▶ [Task objective]:
Restate, word for word and with no pictures, the stretch of lines in the data below that begins at the line with "Please take some" and ends at the line with "Hey guys, welcome!", inclusive.

▶ [Data]:
::::
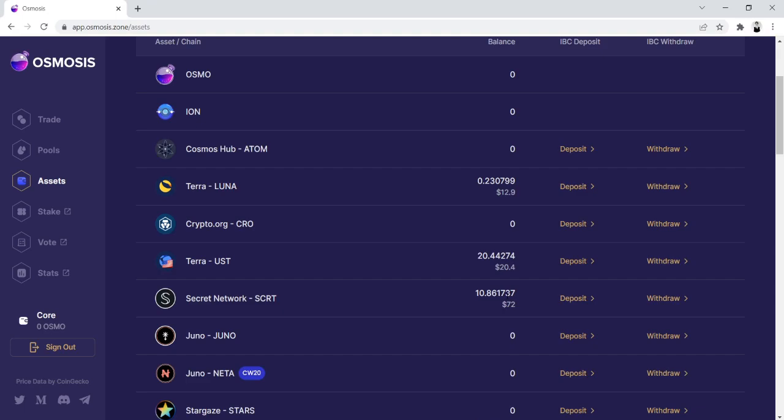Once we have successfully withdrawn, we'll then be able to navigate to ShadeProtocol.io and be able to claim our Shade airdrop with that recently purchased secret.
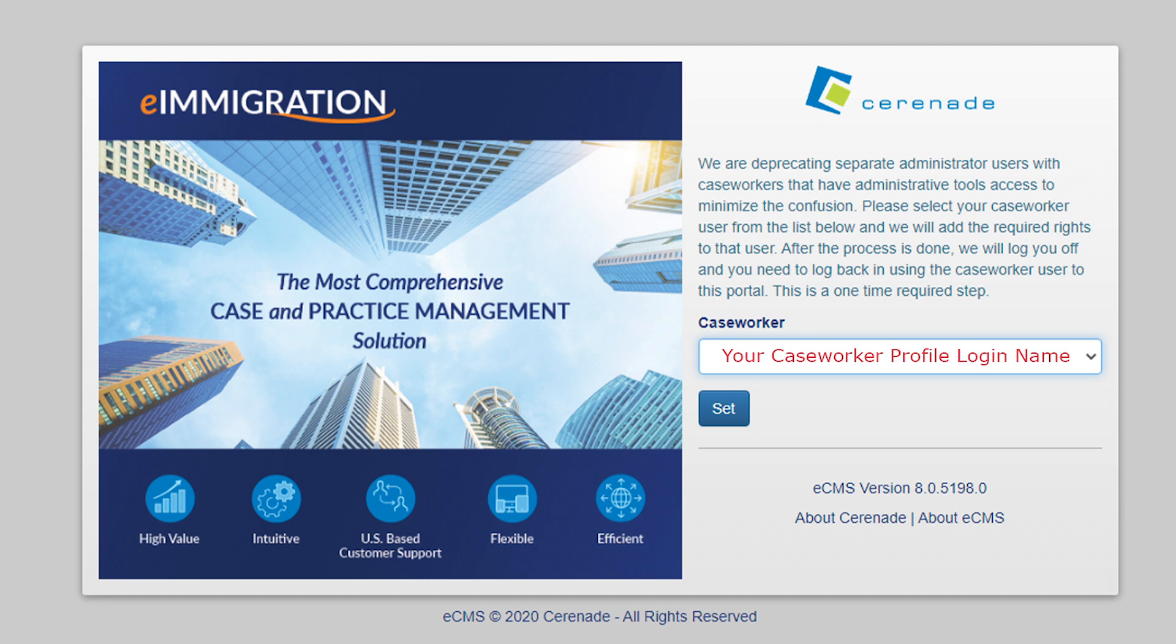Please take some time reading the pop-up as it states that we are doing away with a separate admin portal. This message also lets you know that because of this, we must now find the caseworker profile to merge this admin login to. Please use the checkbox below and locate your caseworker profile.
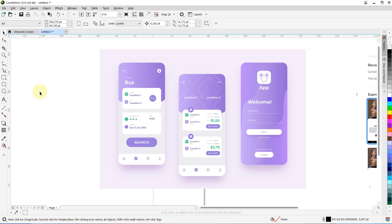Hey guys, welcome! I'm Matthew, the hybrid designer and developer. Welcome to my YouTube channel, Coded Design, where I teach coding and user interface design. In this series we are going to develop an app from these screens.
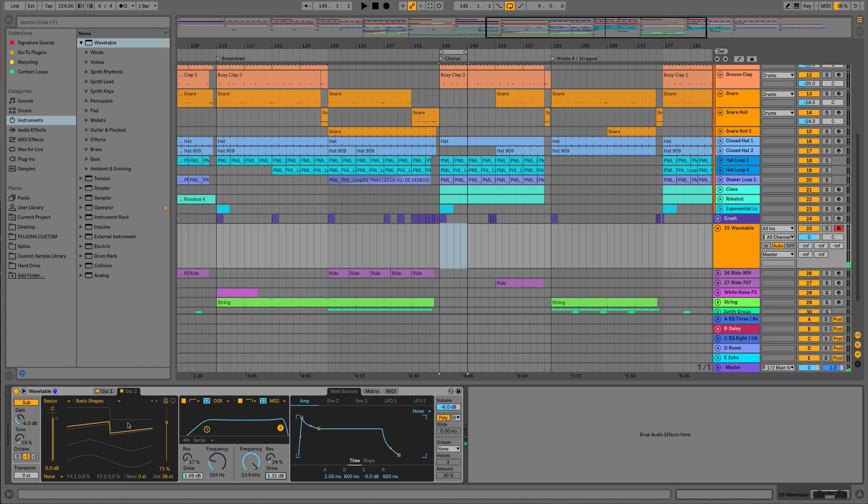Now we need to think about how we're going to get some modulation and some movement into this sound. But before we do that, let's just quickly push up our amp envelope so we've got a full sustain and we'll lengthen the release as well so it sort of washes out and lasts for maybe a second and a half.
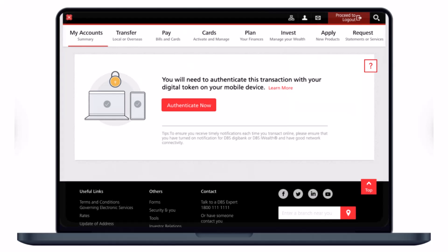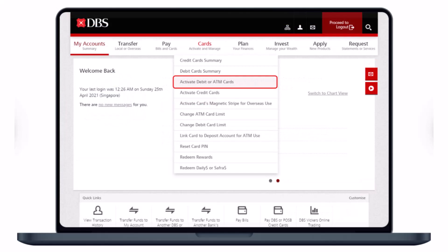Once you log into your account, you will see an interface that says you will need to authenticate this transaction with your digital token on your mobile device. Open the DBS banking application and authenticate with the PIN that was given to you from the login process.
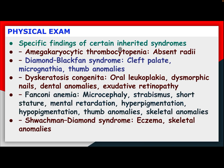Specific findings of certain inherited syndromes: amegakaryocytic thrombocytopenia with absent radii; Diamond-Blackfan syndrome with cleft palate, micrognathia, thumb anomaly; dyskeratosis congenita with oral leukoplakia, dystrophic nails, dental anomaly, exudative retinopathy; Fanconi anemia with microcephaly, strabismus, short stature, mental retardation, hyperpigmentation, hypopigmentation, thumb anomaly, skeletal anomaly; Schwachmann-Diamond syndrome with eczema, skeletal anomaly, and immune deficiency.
::::
▶ [Response]:
Please take some time reading the pop-up as it states that we are doing away with a separate admin portal. This message also lets you know that because of this, we must now find the caseworker profile to merge this admin login to. Please use the checkbox below and locate your caseworker profile.
Hey guys, welcome! I'm Matthew, the hybrid designer and developer. Welcome to my YouTube channel, Coded Design, where I teach coding and user interface design. In this series we are going to develop an app from these screens.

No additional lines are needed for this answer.